● DESCRIPTION OF THE TASK:
Starting at the first line of the data and ending at the line with "do web searches, data", copy each line exactly. Include both of those lines, but no pictures.

● Source data:
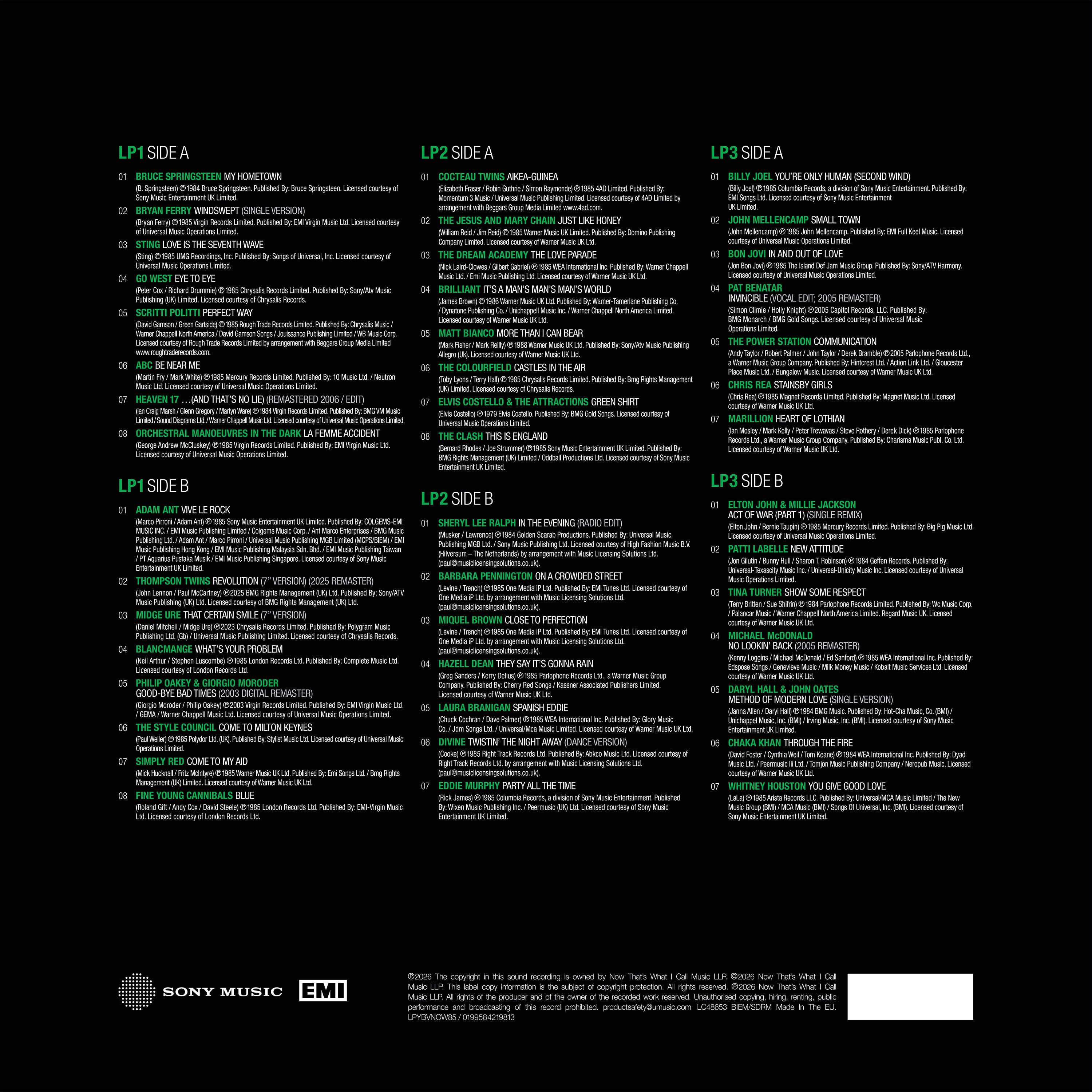 Now Yearbook - The Vault 1985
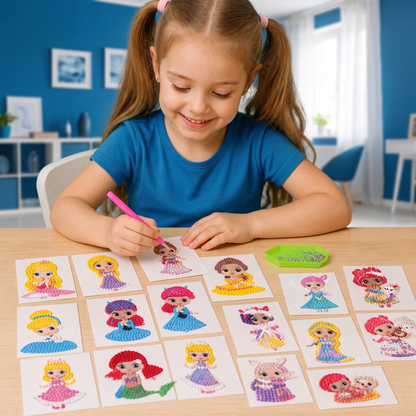 DIY Diamondpainting Sticker Knutselset Voor Kinderen
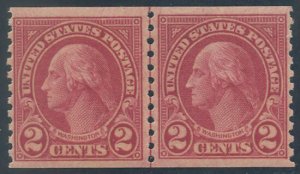 US Scott #599ALP Mint, VF, NH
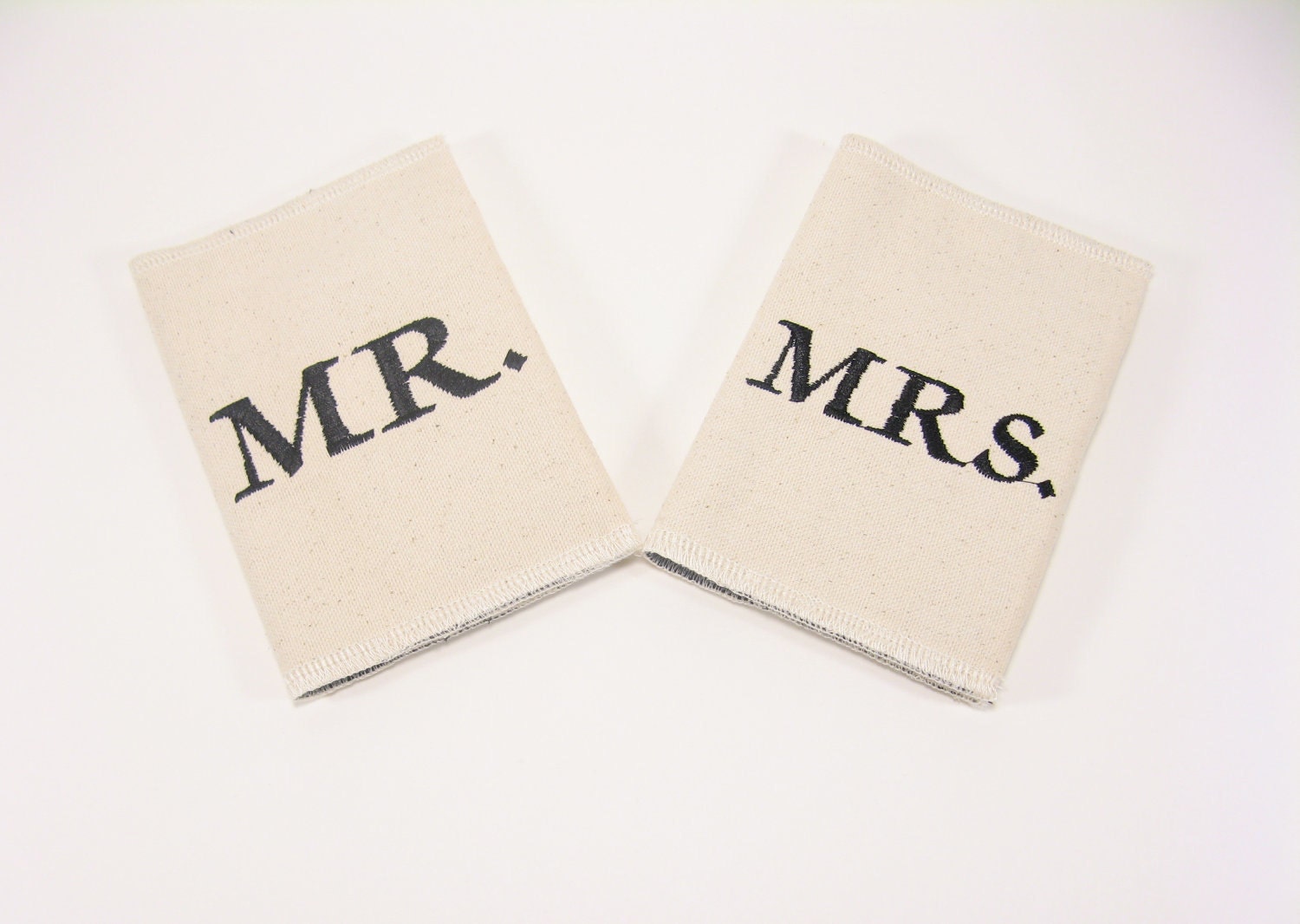 Passport Cover. Canvas. MR. and MRS. Wedding Gift. Honeymoon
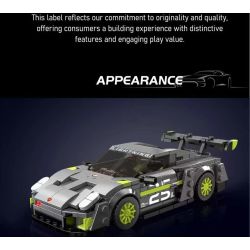 MouldKing 27116 Xếp hình lắp ráp ghép mô hình Xe thể thao Porsche 911 BTZ R5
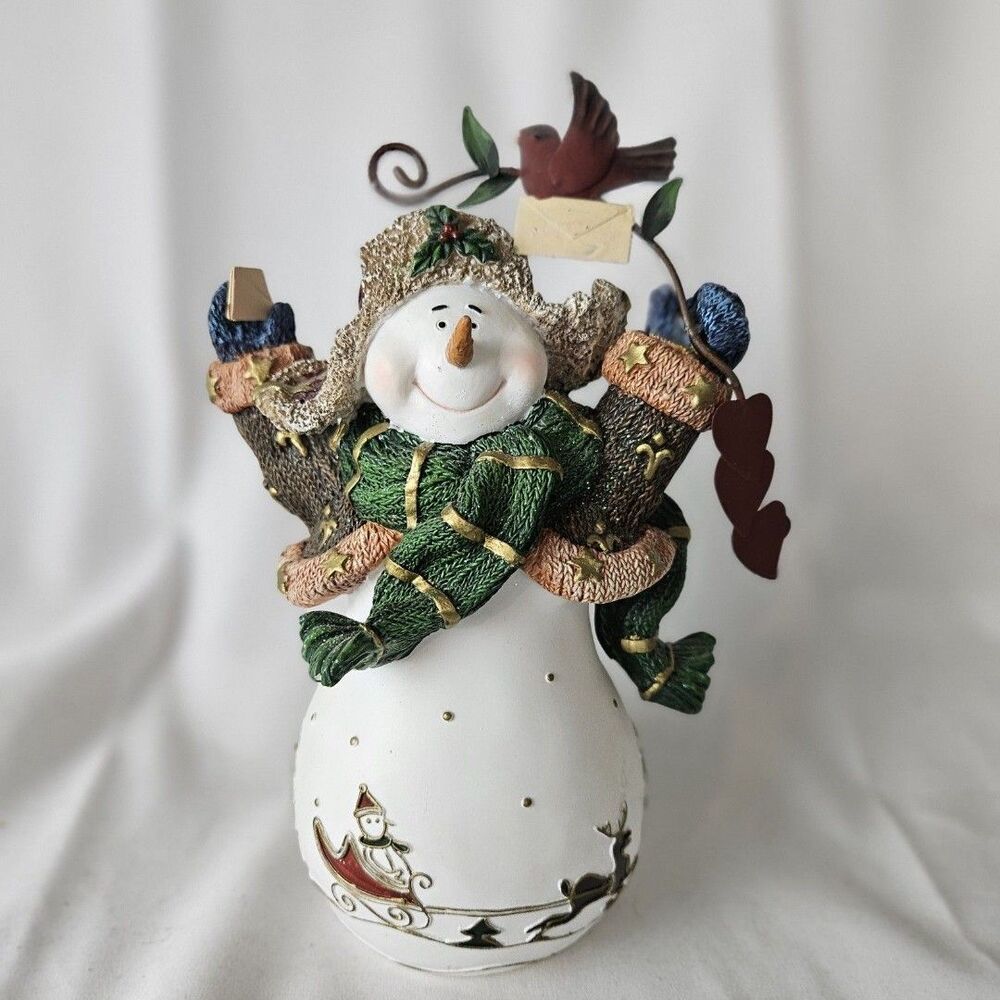 Home Interiors Vintage Snowman 7.25" Tall 2003 Snow Pals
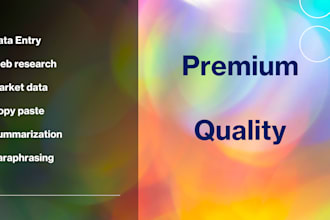 do web searches, data entry, copy paste, and rewriting work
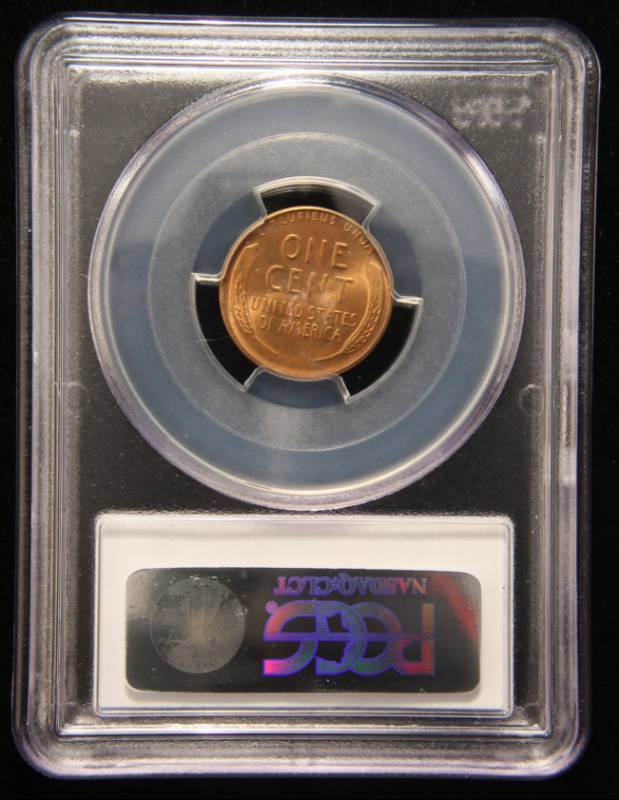 1946-D US WHEAT CENT MS65RD PCGS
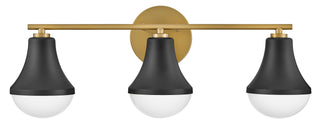 Haddie Medium Three Light Vanity in Black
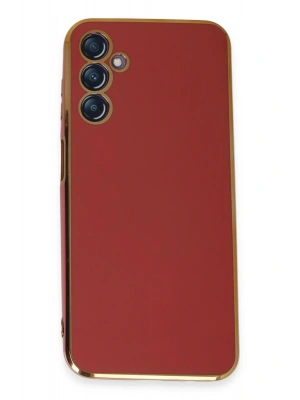 Newface Samsung Galaxy M14 5G Kılıf Volet Silikon - Kırmızı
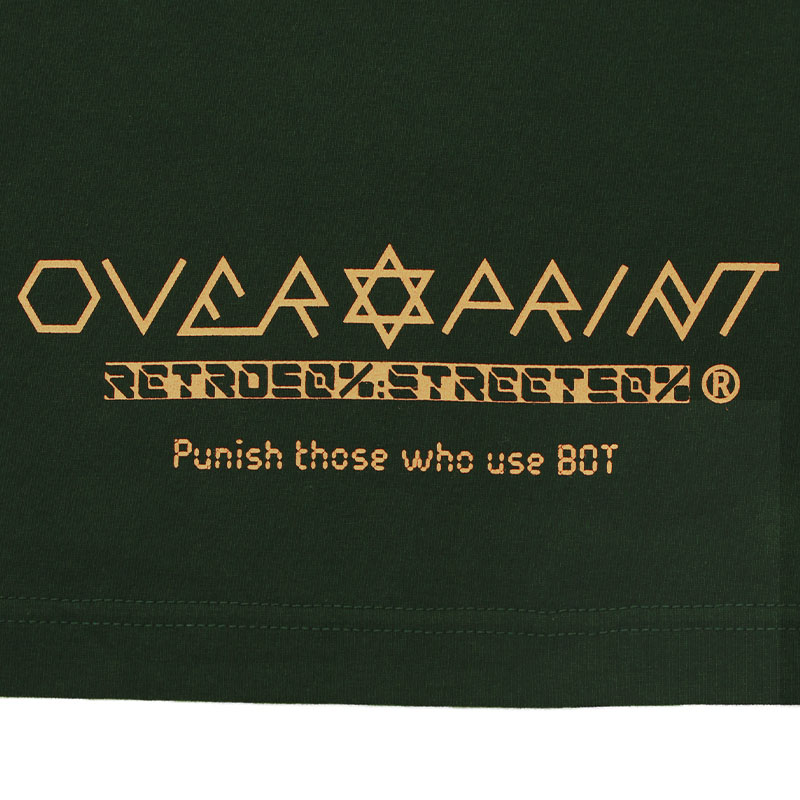 OVER PRINT(オーバープリント)/ FUCK BOT TEE -2COLOR-
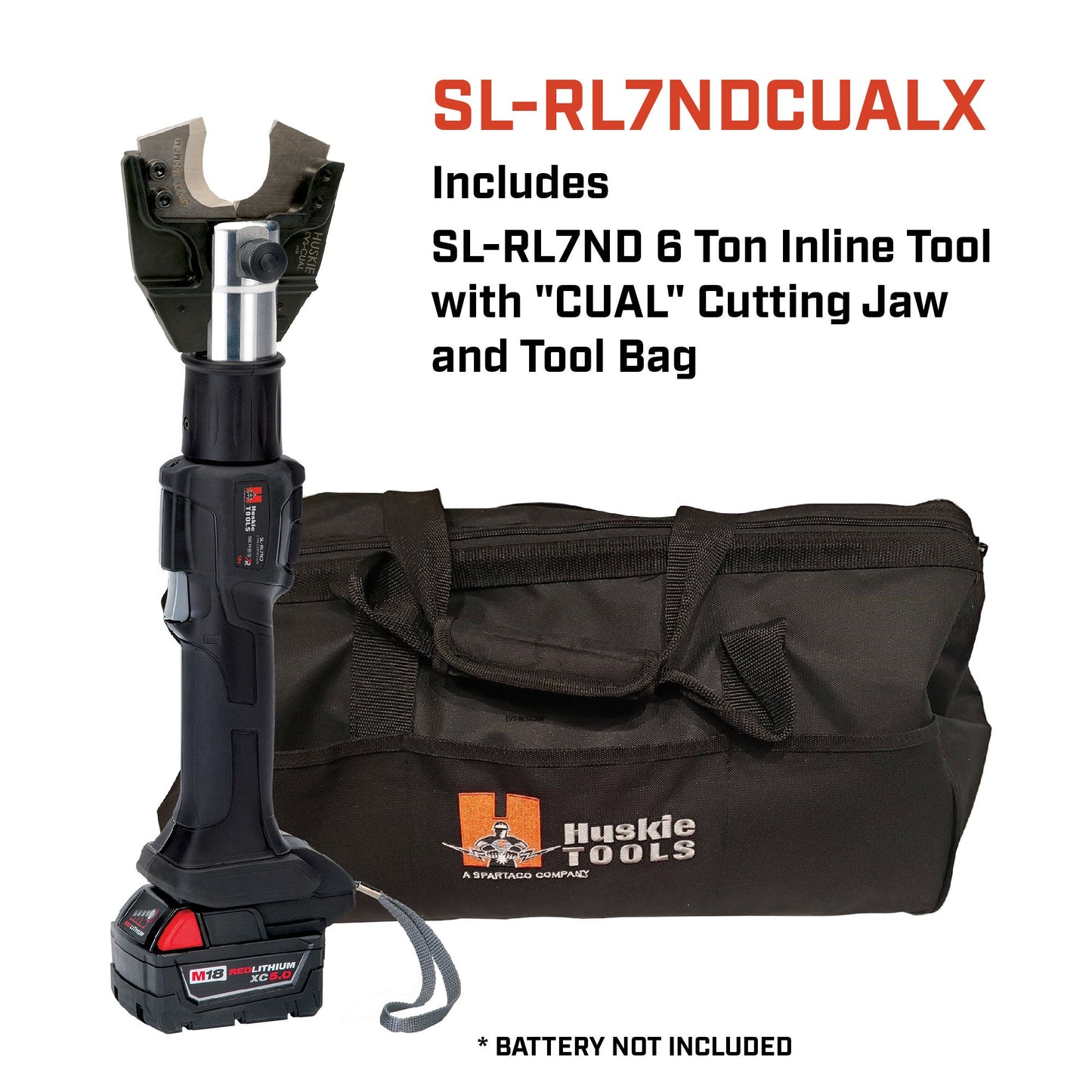 6 Ton Inline Interchangeable Cutter and Crimper with Jaw (SL-RL7ND)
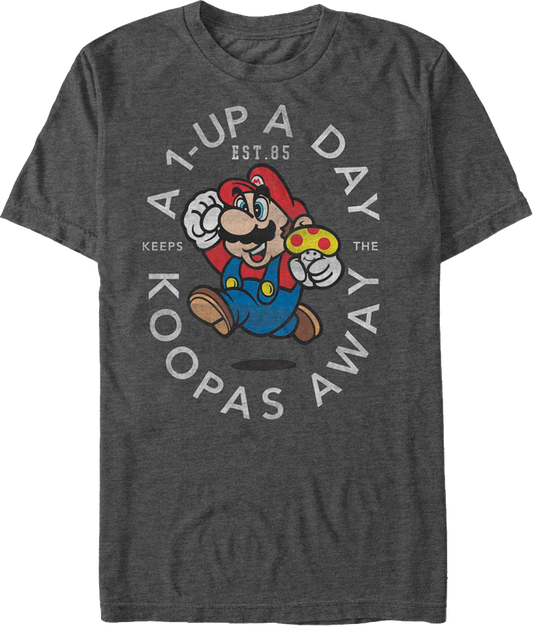 1-Up A Day Super Mario Bros. T-Shirt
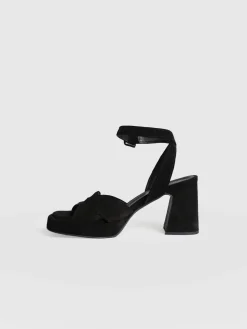 Roux Platform Heels - Black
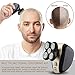 Bald Shavers for Men - Telfun Upgrade 5-in-1 Electric Head Shavers for Bald Men, 100% Waterproof Cordless Razor, Wet/Dry Shaving, 5 Dual Track Heads, Mess-Free Hair Capture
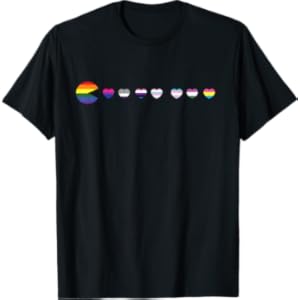 Video-Game Funny Gaming LGBT-Q Ally Pride Flag Gamer T-Shirt
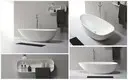 KingKonree black stone resin bathtub supplier for bathroom 4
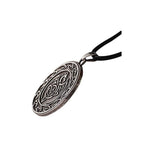 Celtic Flying Dragon Emblem Necklace 24" Braided Cord with Silver Metal Pendant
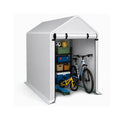 All-Weather Storage Shed for Bikes, Tools, and Firewood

● ANSWER:
 Now Yearbook - The Vault 1985
 DIY Diamondpainting Sticker Knutselset Voor Kinderen
 US Scott #599ALP Mint, VF, NH
 Passport Cover. Canvas. MR. and MRS. Wedding Gift. Honeymoon
 MouldKing 27116 Xếp hình lắp ráp ghép mô hình Xe thể thao Porsche 911 BTZ R5
 Home Interiors Vintage Snowman 7.25" Tall 2003 Snow Pals
 do web searches, data entry, copy paste, and rewriting work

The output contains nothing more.